* [What you need to do]
Find the line containing "1/2 Heath Avenue, Tuncurry NSW 2428", then print it and each line after it through the end of the listing exactly, with no pictures.
Start of Available data
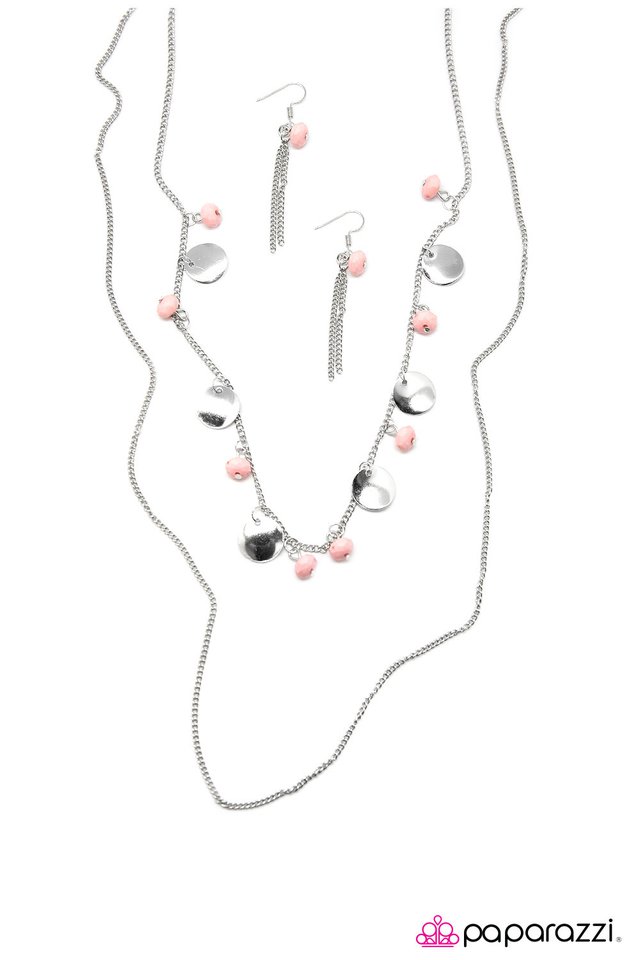 Paparazzi ♥ The Hustle - Pink ♥ Necklace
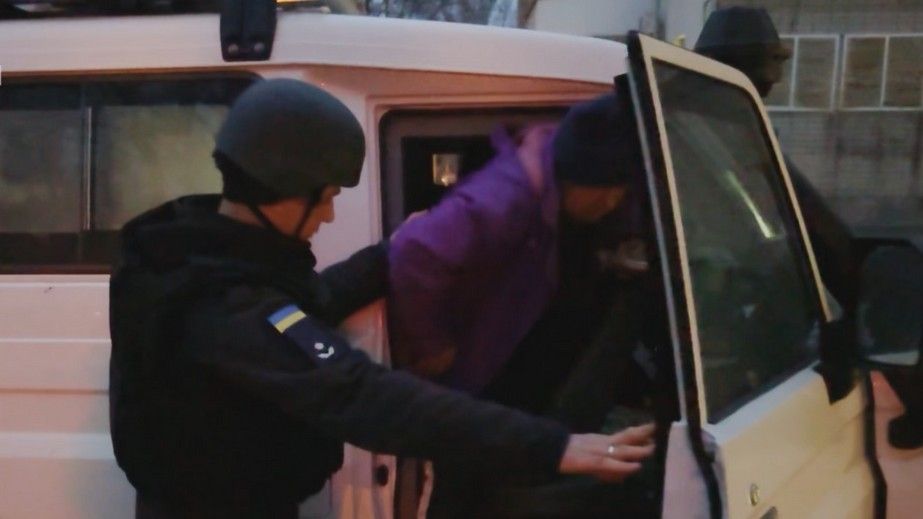 Пожилую женщину вывезли спасатели в Запорожье &ndash; кадры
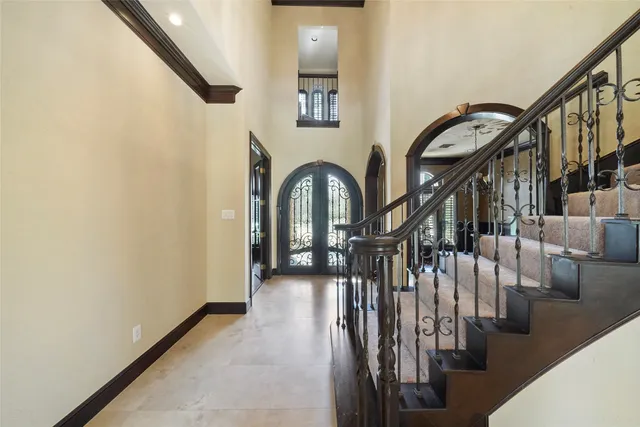 $9,000 | 30 North Palmiera Circle, The Woodlands, TX 77382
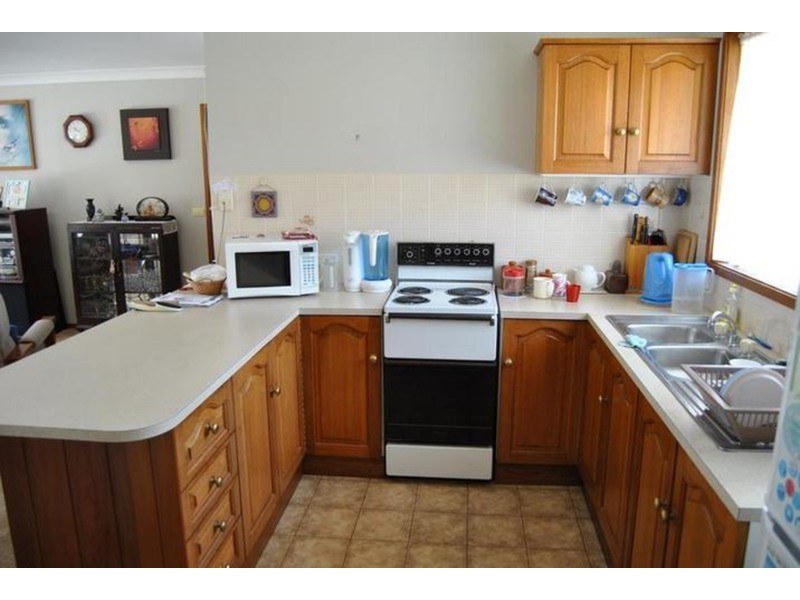 1/2 Heath Avenue, Tuncurry NSW 2428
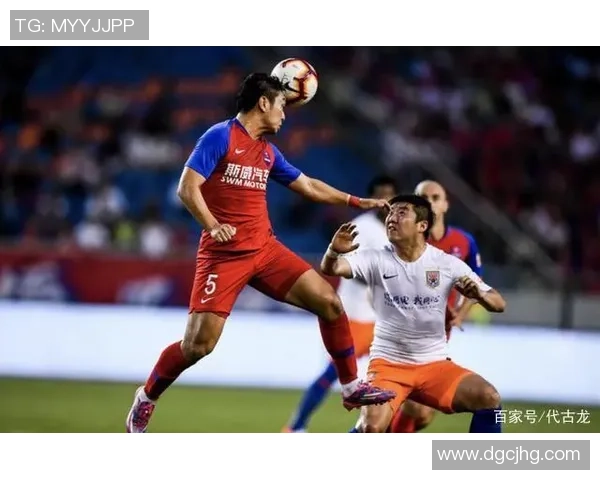 成都篮球队灵活性引发热议球迷对战术调整与球员表现的看法分析 成都篮球队灵活性引发热议球迷对战术调整与球员表现的看法分析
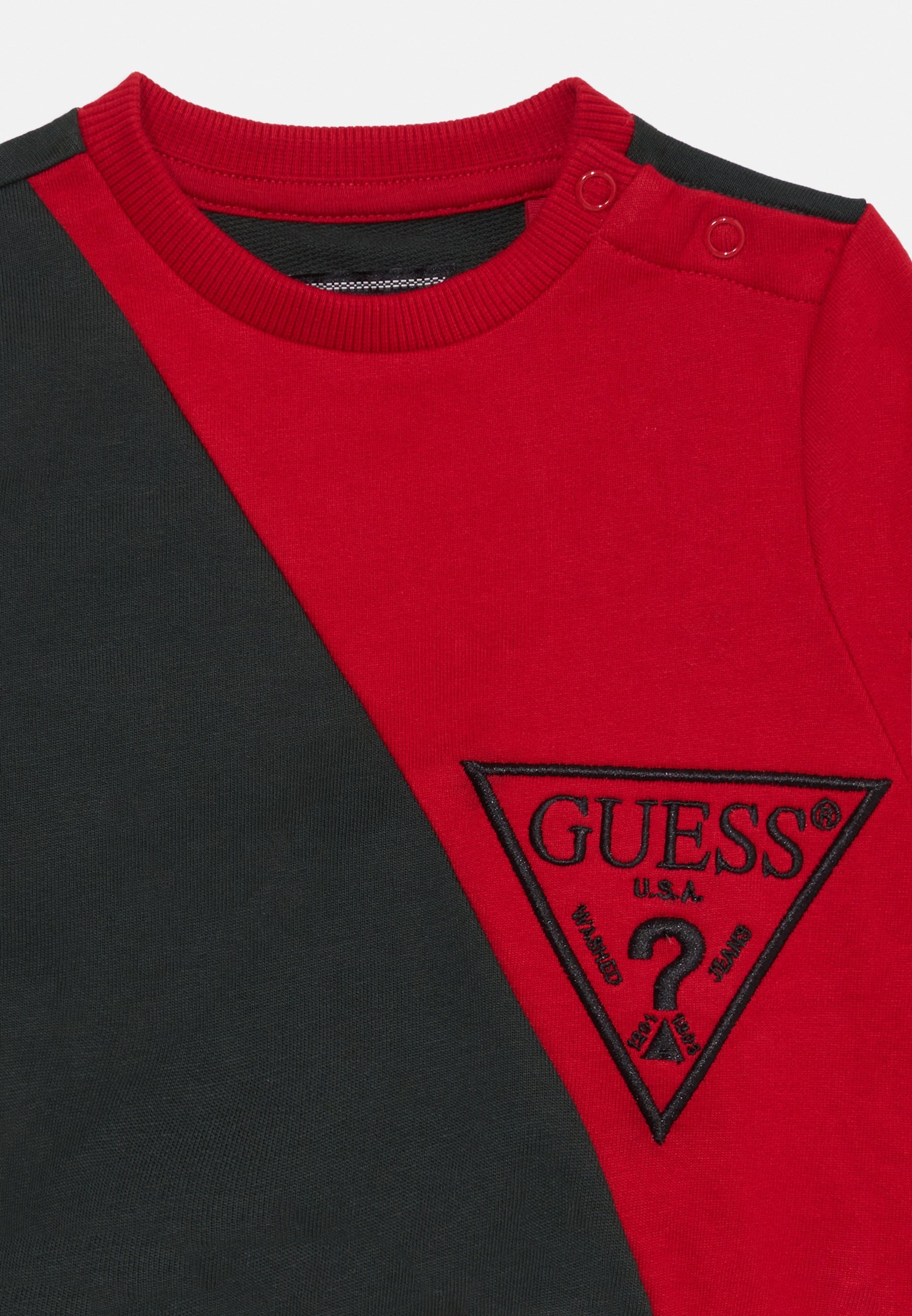 Felpa Guess BABY TODDLER KIDS ACTIVE - rosso piccante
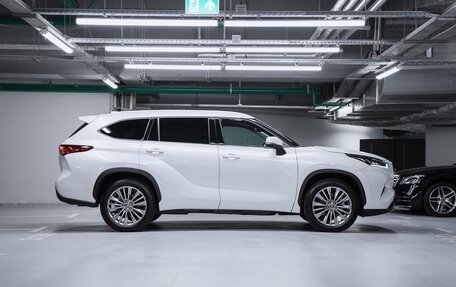 Toyota Highlander, 2023 год, 6 500 000 рублей, 9 фотография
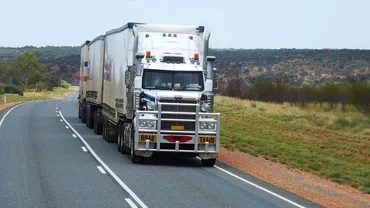 Franța: Un șofer român de TIR a primit o amendă de 270.000 de euro. Ce a făcut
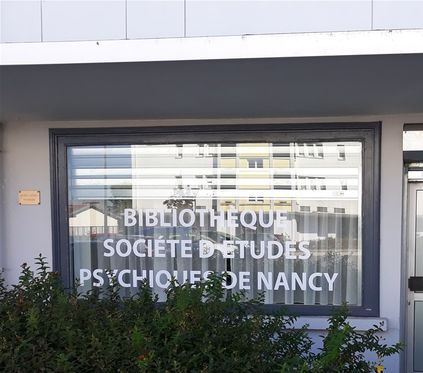 Vitrine — Bibliothèque de la Société d'Études Psychiques de Nancy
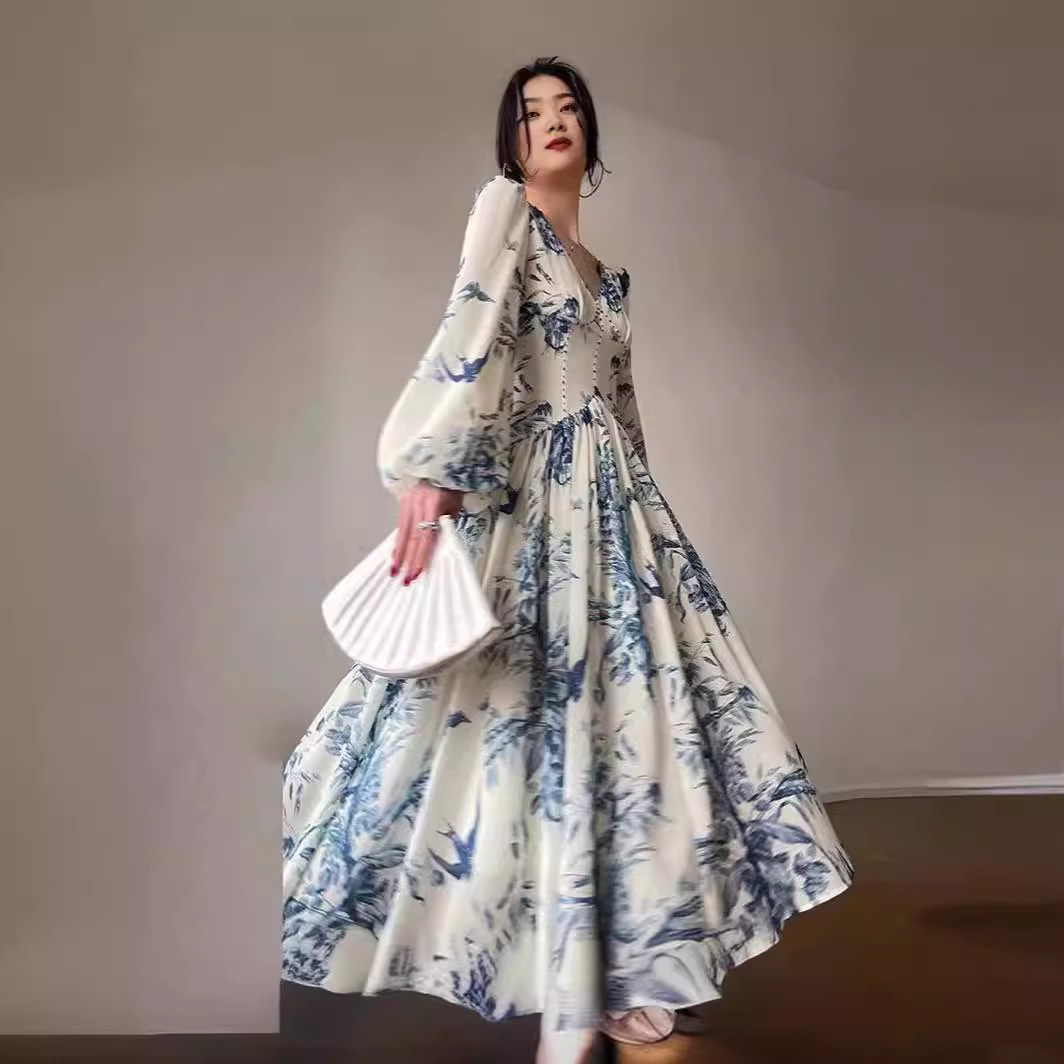 2023年女式外贸春夏新跨境女装树叶拼接露肩大摆印花长裙连衣裙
End of Available data
* [Finished task]
 1/2 Heath Avenue, Tuncurry NSW 2428
 成都篮球队灵活性引发热议球迷对战术调整与球员表现的看法分析 成都篮球队灵活性引发热议球迷对战术调整与球员表现的看法分析
 Felpa Guess BABY TODDLER KIDS ACTIVE - rosso piccante
 Toyota Highlander, 2023 год, 6 500 000 рублей, 9 фотография
 Franța: Un șofer român de TIR a primit o amendă de 270.000 de euro. Ce a făcut
 Vitrine — Bibliothèque de la Société d'Études Psychiques de Nancy
 2023年女式外贸春夏新跨境女装树叶拼接露肩大摆印花长裙连衣裙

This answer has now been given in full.